Once you reach the line with "Pesqueiro com 531" in the material below, copy each line exactly up to and including the line with "Bangladesh Water Emergency: Unsafe", and skip the pictures.

» STUDY MATERIAL
■ ■ ■

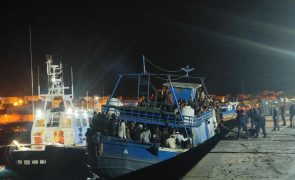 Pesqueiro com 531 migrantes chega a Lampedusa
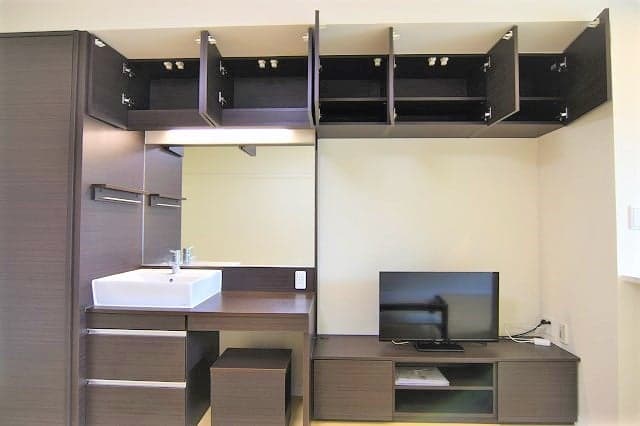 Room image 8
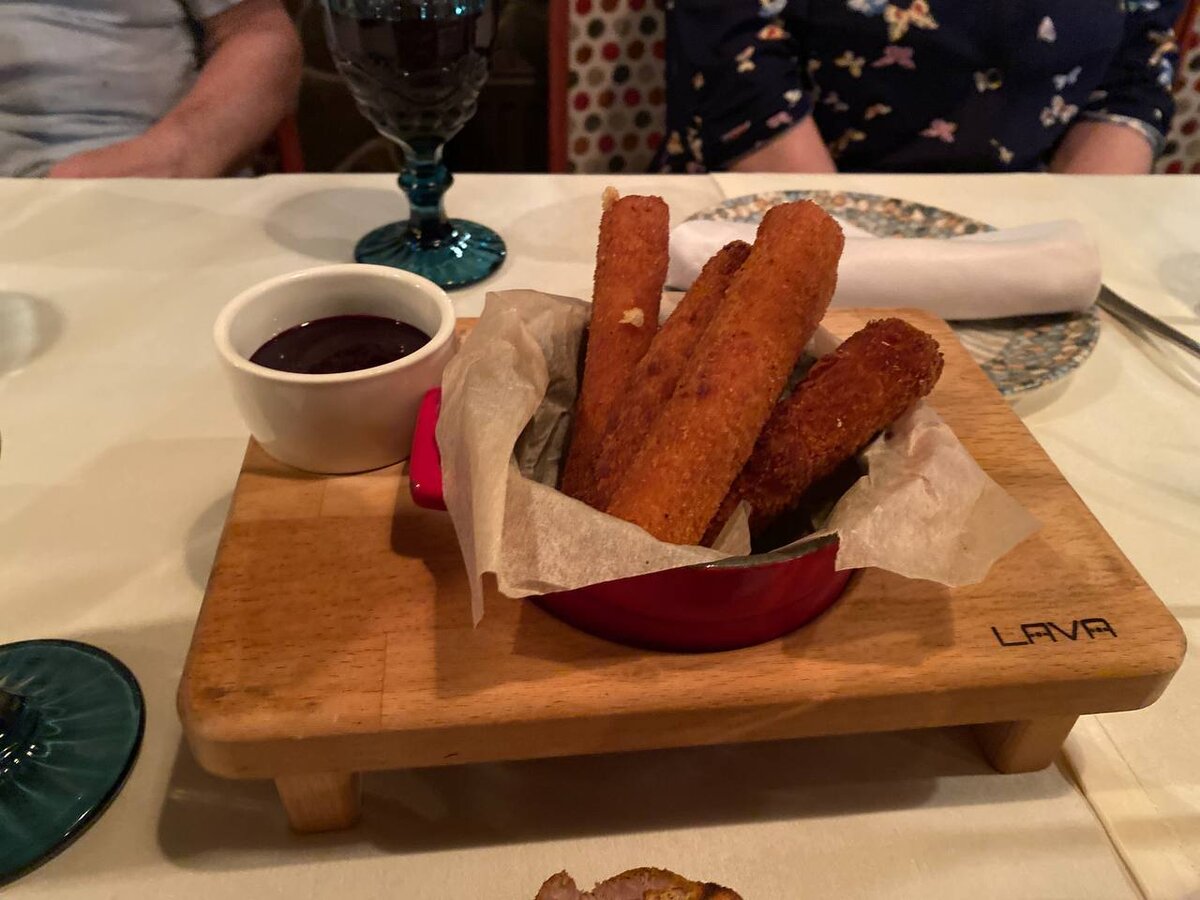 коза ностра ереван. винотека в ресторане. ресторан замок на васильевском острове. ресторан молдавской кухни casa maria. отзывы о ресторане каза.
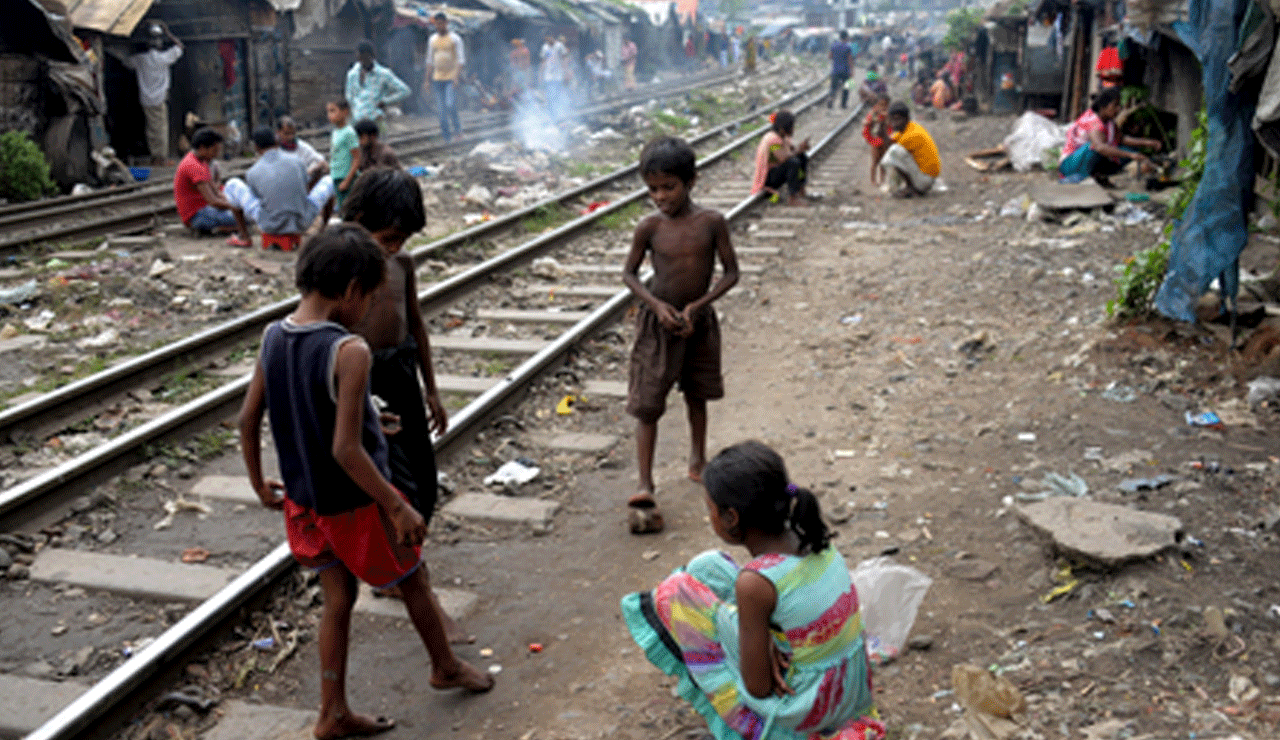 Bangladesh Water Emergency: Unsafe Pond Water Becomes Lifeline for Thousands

■ ■ ■

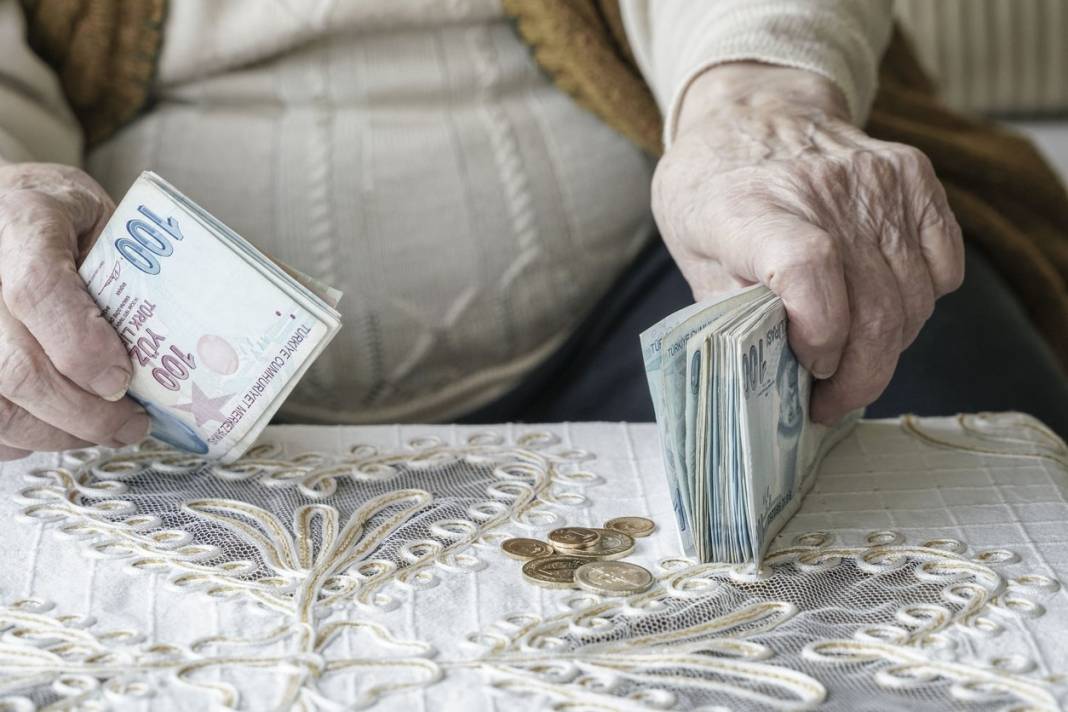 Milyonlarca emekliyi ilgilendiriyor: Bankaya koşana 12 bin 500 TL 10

■ ■ ■

» ANSWER TO THE PROBLEM
 Pesqueiro com 531 migrantes chega a Lampedusa
 Room image 8
 коза ностра ереван. винотека в ресторане. ресторан замок на васильевском острове. ресторан молдавской кухни casa maria. отзывы о ресторане каза.
 Bangladesh Water Emergency: Unsafe Pond Water Becomes Lifeline for Thousands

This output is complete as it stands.